I held back, though, and thought about what he'd said. Then I answered: I had been "riding" the guy--but not unfairly. I'd caught him claiming overtime while he was actually goofing off. I'd threatened to fire him if he did it again. I had corroboration, too--I'd been tipped off by someone that his truck was parked in front of his parents' house while he claimed to be working. I'd also been told by the head bookkeeper that he was wasting his time--and theirs--hanging out, chatting up the young lady in question.
I explained all that. My boss checked it out, then fired the delivery guy.
I still felt embarrassed, though. I was surprised that my boss would consider me capable of such a thing. "By the way," he asked. "You never told me--are you been fooling around with her?"
"For the record," I replied, "No, I'm not. But if I were, I wouldn't tell you. Who I sleep with is none of your business, because I wouldn't let it affect my decisions at work. I wouldn't want it to affect yours, either."
I thought of these incidents again while attempting to avoid the latest news on the Clinton sex scandal. It's too bad more people don't have the good judgment to differentiate between their own business and everyone else's. As talk shows and "real story" shows turn human foible and strangeness into entertainment, the Oprah-fication of America has made airing dirty laundry seem commonplace. We seem to have lost all shame.
Combined with this, I think, is feminism and the increased number of women in the workplace. As more women moved into the workplace and rightfully began to insist on equal pay and equal treatment, workplace sex roles have been upended.

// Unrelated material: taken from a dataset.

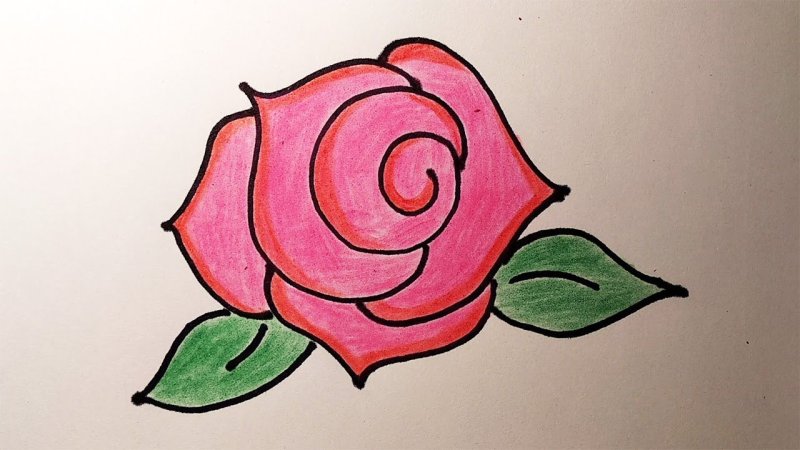 Рисунки лёгкие и красивые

Not too long ago, some men tried to sleep with the women who worked for them, and some tried to use power to expedite that. It was a pretty commonplace thing, and everyone was too embarrassed to talk about it. Certainly, no one sued anyone over it. About the worst consequence one of these predators could expect was a well-crafted, insulting rebuke, a slap in the face, or a punch in the nose from an irate husband. This was bad, of course, and legislation and a string of civil suits started to change the face of workplace sexual behavior.
Unfortunately, stories about sex attract an audience, and the media latched onto this titillating trend as a way to sell papers and increase ratings. Now, of course, it goes far beyond the real news to talk and magazine shows on which people disclose the most embarrassing things about themselves imaginable.

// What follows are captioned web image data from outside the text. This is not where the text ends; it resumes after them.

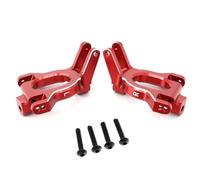 JVRWSC Compatible With Arrma 4x4 For Kraton For Outcast 1/8 1/10 RC Car Upgrade Modification Accessories Parts C Block ARAC5046 RC Repair Parts(Red)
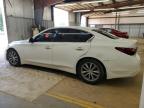 2021 INFINITI Q50 PURE   for sale at Copart NC - MOCKSVILLE
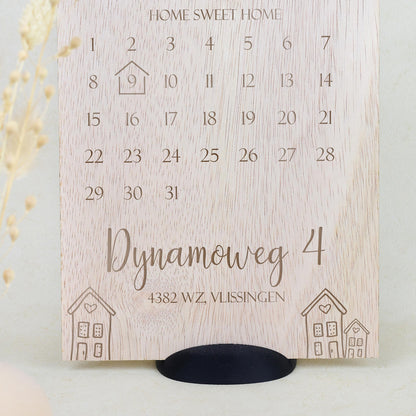Kalender - Housewarming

I have a psychologist friend who thinks this trend is good--that if we see others disclosing their nuttiness on television, then maybe we'll be able to feel better about our own, and lacking this shame, be more likely to get help when we need it. On the other hand, however, I think some things are best not shared with the public. I don't think there's any dishonor in keeping one's private life private.
I don't think Clinton's a great president. However, I agree with him that his sex life is none of our business, provided there isn't coercion involved. It's pretty obvious Lewinsky was never coerced. It's unfortunate that Clinton didn't say--right from the start--that whether or not he'd had sex with Lewinsky was nobody's business. That would have been the honorable thing to do. Of course, we wouldn't let him get off the hook that easy. We'd insist on an answer, just like we wouldn't have elected him if he'd said it was nobody's business if he'd smoked dope when he was in college.
Of course, a perfect leader would never get himself in the position where he'd have to lie about having sex with an intern or smoking pot.
We'll be hardpressed to find a perfect leader, though. And I'm afraid we'd never vote for an honorable one.